Por siglos hemos desesperado por encontrar la verdad. Algunos han sostenido que la misma albergaba en Dios, otros en el mundo material y otros, simplemente, han negado la capacidad del hombre por alcanzarla. Si bien es una cuestión claramente discutible, si el ser humano está dotado de esa cualidad, muchos (especialmente los que detentan el poder), se han convertido en múltiples momentos de la Historia en dueños de, por supuesto, las verdades que ellos afirmaban como tales. En ese adueñarse, han cometido en un sinfín de oportunidades las más atroces de las matanzas y exterminios, sin distinción de ideologías, religiones o culturas. Y es que la idea de lo absoluto y su «propiedad» parece legitimar cualquier conducta.
En lo individual, nuestro ego, siempre presto a realizar todas aquellas acciones que permitan su crecimiento, se involucra constantemente tratando de manipularla para su propio beneficio.

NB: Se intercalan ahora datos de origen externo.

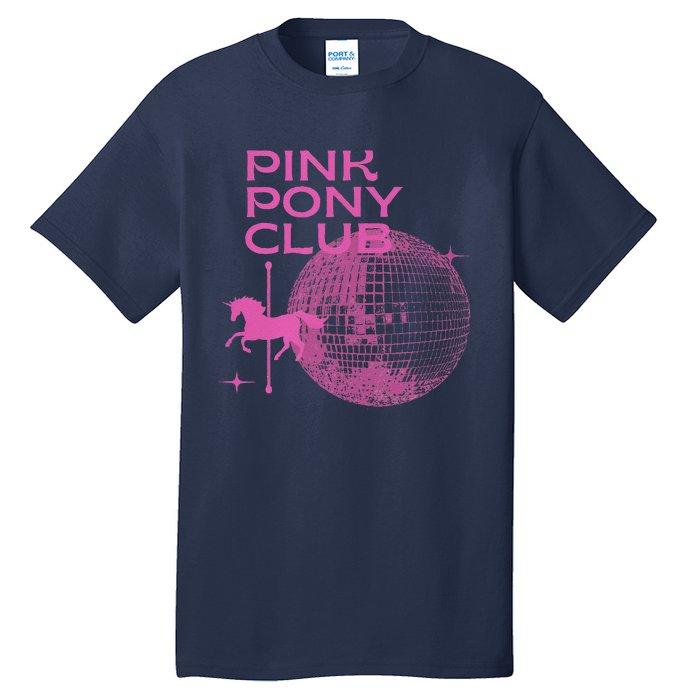 Retro Funny IM Gonna Keep On Dancing Pink Pony Clubs Disco Tall T-Shirt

El afamado cuento de Andersen «El traje nuevo del Emperador», en el que todos los que lo rodean le impiden a él el contacto con la realidad (que se encuentra simplemente desnudo), nos demuestra una vez más que el interés propio en todas sus formas y matices es el primer obstáculo para acercarnos a lo que es y, en el caso, solo el desinterés del niño permite ver a través de su claro cristal.